Ephfilya zarfı dikkatlice açtı ve zekâsına hayran olduğu akıl hocasından kendisine iletilen notu bir çırpıda okudu. Kendisinden bu adamın peşini asla bırakmamasını istemişti. Bu isteğe biraz şaşırdı çünkü Zebulun hakkında ki detaylı raporunu Genel Merkezi Birime iletmiş ve adama dönülecek yanıta kılavuz olması beklenen o ilk kelimeyi de sonra ki raporunda belirtmişti. Fakat o rapor doğrudan Shopenhauer’e gitmişti. Zebulun’u bu derece önemli kılan şeyi gerçekten merak etti Ephfilya. Shopenhauer’in bu adamla ilgili önemsediği bazı şeyler vardı kuşkusuz ve hocasının ilgilendiği her şey kendisi için de önemliydi.

Fotoğrafçılığı çok sevdiği bilinen bir gerçekti ve her görevinde kendisinden istenmemesine rağmen Birime gönderdiği raporlarına mutlaka iliştirdiği fotoğrafları şimdiye kadar Shopenhauer gereksiz bir uğraş ve boşa harcanmış emek olarak görmüş, öyle değerlendirmişti. Çünkü o, içimizde ki istencin akılsız ve bilinçsiz bir öze sahip olduğuna inanırdı. Epfhilya’nın fotoğrafa olan tutkusuna da bu mantıkla yaklaşmakta hiçbir sakınca görmemiş ve onun bu yeteneğini her zaman göz ardı etmişti. Tuhaf olan, bu sefer Shopenhauer ondan Zebulun’un ön cepheden çekilmiş bir fotoğrafını da rapora mutlaka eklemesini istemiş ama bunun kendisi için ne gibi bir önem arz ettiğinden bahsetmemişti. Kesinlikle bir şeyler vardı.

Ephfilya insanların arasında olmaktan ve onlarla zaman geçirmekten büyük keyif alıyorken, Shopenhauer’in insanlara olan yaklaşımında ki sevgisizliği daima onu çok şaşırtır ve bir türlü bunu anlayamazdı. Elbette o da bir insandı, yani ruhu hala bedenindeyken ve onlar hakkında kesinlikle çok şey biliyor olmalıydı. Bu ona büyük bir acı ve sıkıntı vermiş olmalıydı. Şimdi onu insan arzularını tatmin etmek için uğraşan bir birimin danışmanı olarak görmek doğrusu biraz trajik ve komikti.

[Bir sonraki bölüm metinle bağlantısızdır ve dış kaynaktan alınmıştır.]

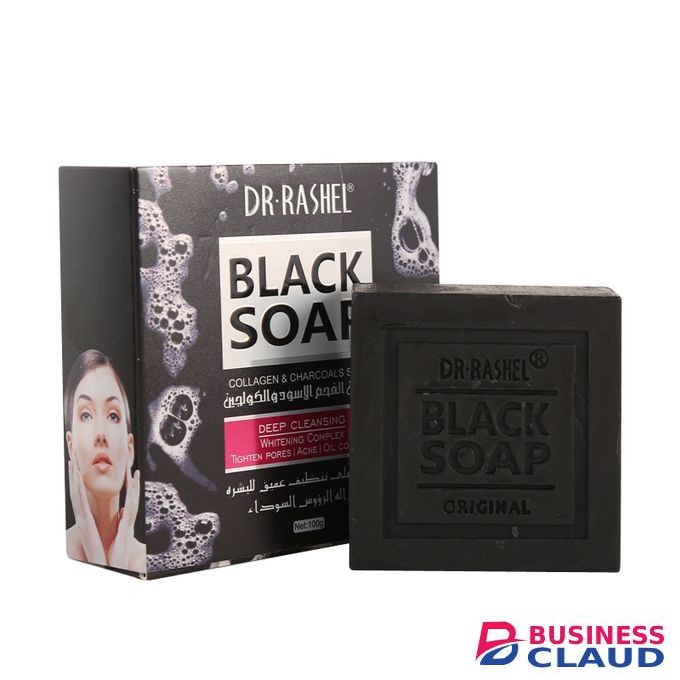 Dr. Rashel Black Soap With Collagen & Charcoal Black Soap - 100g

Peki, Shopenhauer’in bu adamda gördüğü şey neydi?

Evet, sakin ve durağan bir sükûneti vardı ve bu duruştan kendisi de etkilenmişti. Kafasını önünden pek kaldırmıyordu ve çok fazla konuştuğu da söylenemezdi. Kadınlara olan yaklaşımı ise çok düz ve sıkıcıydı ama gözlerini onların üzerine diktiği anlarda aklından neler geçtiğini de kolaylıkla anlıyordunuz. Zaafları vardı ve bunları saklama ihtiyacı pek duymuyordu. Bu iyi bir şey mi acaba diye aklından geçirdi Ephfilya.

Kendisinin de ona karşı hissettiği merak duygusu, her zamanki görev sorumluluğunun dışında, bu sefer işinin daha ilginç ve zor olacağının belirtileriydi aslında. Hoşlanmıştı Zebulun’dan ama kendisine verilen görevi de boşlayacak değildi. Her yolu deneyip istediği o resmi çekecekti; mutlaka bir yolunu bulmalı ve Shopenhauer’in güvenini boşa çıkarmamalıydı.